## Work required
Lines to restate from the data below: from the one containing "الملكة رانيا تواصل" to the one containing "Gdańsk. ECS. Święto", both included. Give them again exactly, and only them.

Caption-style text data
================

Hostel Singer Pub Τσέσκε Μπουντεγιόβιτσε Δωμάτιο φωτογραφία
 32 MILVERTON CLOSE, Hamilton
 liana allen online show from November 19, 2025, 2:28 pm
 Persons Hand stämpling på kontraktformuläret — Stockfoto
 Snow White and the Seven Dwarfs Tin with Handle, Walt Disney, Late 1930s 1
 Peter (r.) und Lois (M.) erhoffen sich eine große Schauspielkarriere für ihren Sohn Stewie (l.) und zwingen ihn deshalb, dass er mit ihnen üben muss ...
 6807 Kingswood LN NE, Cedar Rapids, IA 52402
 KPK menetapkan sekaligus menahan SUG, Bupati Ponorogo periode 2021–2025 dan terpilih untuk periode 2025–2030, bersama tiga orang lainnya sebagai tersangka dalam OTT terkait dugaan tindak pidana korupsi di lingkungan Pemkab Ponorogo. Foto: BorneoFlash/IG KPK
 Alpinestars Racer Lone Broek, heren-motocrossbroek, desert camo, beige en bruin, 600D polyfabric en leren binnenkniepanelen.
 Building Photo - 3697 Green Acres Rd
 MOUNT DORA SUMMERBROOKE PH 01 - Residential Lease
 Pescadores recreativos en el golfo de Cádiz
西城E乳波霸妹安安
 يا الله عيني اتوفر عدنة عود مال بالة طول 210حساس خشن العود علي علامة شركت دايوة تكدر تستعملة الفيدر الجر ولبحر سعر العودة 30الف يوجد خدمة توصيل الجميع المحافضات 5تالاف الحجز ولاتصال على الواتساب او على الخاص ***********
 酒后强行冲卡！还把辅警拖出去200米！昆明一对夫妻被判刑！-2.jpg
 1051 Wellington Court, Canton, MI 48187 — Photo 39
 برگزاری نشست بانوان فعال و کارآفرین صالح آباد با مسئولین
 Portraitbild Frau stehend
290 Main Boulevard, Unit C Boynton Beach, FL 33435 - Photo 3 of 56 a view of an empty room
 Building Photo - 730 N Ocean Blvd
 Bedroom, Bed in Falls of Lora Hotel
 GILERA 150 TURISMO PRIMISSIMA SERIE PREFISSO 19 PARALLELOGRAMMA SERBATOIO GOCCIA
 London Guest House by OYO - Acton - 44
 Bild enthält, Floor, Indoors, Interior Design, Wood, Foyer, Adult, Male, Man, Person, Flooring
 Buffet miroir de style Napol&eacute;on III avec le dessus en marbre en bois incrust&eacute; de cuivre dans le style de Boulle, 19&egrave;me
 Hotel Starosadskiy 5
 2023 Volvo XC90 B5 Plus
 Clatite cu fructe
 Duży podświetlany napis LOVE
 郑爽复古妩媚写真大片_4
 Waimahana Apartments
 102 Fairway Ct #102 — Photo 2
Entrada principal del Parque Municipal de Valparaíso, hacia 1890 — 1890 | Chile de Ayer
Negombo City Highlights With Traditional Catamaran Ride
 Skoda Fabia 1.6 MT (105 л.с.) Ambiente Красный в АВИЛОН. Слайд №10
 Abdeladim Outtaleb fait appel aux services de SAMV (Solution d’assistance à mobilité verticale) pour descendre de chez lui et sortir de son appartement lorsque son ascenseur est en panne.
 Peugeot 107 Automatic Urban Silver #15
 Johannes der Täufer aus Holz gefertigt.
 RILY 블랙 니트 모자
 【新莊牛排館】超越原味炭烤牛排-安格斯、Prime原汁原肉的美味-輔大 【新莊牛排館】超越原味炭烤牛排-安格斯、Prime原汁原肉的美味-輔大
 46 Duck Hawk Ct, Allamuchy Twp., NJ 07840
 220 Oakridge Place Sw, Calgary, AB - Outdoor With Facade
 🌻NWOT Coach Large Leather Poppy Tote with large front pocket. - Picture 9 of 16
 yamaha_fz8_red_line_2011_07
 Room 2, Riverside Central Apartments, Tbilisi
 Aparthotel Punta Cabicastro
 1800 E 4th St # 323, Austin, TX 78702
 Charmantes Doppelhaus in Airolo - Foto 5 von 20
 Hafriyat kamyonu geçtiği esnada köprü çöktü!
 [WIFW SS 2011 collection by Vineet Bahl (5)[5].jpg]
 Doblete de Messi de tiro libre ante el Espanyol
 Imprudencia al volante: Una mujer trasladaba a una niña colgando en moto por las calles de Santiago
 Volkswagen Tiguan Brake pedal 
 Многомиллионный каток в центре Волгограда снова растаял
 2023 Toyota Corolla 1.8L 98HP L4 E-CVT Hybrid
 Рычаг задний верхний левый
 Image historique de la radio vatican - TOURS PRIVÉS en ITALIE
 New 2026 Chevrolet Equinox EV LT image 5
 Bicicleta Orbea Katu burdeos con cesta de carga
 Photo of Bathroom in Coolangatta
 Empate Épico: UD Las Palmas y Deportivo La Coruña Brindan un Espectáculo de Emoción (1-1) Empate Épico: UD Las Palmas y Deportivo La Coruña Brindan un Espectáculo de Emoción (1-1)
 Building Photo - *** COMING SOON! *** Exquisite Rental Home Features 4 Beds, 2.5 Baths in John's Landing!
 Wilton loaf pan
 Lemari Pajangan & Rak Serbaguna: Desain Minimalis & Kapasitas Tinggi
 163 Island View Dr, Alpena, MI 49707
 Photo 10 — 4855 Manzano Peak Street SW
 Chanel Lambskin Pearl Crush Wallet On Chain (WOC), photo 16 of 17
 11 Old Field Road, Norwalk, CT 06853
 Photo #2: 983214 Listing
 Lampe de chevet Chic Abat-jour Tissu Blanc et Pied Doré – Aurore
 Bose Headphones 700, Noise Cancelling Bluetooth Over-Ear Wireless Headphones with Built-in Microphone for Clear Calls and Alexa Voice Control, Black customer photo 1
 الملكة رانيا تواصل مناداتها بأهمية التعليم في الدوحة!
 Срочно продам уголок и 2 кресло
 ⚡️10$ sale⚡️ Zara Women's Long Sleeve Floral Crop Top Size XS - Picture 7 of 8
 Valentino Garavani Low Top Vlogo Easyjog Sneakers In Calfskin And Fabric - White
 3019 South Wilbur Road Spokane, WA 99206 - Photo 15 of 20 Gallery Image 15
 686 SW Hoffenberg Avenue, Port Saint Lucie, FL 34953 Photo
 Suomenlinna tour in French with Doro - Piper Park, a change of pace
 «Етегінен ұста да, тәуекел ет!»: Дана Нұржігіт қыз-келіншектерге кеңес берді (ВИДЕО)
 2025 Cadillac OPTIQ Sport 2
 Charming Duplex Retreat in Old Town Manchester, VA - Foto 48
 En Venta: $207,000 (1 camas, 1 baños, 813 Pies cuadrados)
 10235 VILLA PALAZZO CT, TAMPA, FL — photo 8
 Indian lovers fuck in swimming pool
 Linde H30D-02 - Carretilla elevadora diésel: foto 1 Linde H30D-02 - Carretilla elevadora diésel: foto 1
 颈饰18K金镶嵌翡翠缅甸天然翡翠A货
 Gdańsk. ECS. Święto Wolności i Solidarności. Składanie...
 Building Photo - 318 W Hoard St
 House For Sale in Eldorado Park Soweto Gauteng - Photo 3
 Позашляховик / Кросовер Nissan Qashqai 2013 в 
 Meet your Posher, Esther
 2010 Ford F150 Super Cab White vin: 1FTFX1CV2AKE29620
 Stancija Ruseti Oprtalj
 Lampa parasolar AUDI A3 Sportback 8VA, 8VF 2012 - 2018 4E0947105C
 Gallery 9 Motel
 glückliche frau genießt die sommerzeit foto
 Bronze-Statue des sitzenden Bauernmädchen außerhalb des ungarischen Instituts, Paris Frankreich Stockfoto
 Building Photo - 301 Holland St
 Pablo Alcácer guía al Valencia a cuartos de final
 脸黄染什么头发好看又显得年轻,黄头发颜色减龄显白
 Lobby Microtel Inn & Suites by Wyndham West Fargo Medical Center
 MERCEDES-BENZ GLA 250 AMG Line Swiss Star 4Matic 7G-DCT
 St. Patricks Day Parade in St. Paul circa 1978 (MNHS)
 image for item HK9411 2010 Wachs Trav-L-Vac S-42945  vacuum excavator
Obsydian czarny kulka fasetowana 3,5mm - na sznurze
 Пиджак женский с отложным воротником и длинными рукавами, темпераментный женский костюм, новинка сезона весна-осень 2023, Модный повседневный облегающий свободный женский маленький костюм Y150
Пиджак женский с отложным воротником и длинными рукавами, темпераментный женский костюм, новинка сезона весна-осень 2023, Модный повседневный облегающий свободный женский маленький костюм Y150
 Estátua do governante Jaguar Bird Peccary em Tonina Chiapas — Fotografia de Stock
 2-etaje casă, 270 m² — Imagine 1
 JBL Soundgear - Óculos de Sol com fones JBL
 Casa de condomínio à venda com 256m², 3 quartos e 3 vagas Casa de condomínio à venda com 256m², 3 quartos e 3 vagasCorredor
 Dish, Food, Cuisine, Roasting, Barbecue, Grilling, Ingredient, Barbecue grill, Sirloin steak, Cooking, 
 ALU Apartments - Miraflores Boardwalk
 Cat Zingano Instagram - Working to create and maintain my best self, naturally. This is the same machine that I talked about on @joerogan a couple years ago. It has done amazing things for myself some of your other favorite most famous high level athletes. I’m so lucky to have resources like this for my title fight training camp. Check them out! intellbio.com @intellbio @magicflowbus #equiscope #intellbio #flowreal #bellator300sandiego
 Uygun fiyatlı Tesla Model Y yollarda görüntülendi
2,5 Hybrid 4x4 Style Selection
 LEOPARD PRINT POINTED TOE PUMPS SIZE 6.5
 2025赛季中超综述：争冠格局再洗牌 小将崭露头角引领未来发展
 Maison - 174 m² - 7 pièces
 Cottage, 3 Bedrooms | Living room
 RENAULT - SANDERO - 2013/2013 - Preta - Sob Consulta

================

## Written solution
 الملكة رانيا تواصل مناداتها بأهمية التعليم في الدوحة!
 Срочно продам уголок и 2 кресло
 ⚡️10$ sale⚡️ Zara Women's Long Sleeve Floral Crop Top Size XS - Picture 7 of 8
 Valentino Garavani Low Top Vlogo Easyjog Sneakers In Calfskin And Fabric - White
 3019 South Wilbur Road Spokane, WA 99206 - Photo 15 of 20 Gallery Image 15
 686 SW Hoffenberg Avenue, Port Saint Lucie, FL 34953 Photo
 Suomenlinna tour in French with Doro - Piper Park, a change of pace
 «Етегінен ұста да, тәуекел ет!»: Дана Нұржігіт қыз-келіншектерге кеңес берді (ВИДЕО)
 2025 Cadillac OPTIQ Sport 2
 Charming Duplex Retreat in Old Town Manchester, VA - Foto 48
 En Venta: $207,000 (1 camas, 1 baños, 813 Pies cuadrados)
 10235 VILLA PALAZZO CT, TAMPA, FL — photo 8
 Indian lovers fuck in swimming pool
 Linde H30D-02 - Carretilla elevadora diésel: foto 1 Linde H30D-02 - Carretilla elevadora diésel: foto 1
 颈饰18K金镶嵌翡翠缅甸天然翡翠A货
 Gdańsk. ECS. Święto Wolności i Solidarności. Składanie...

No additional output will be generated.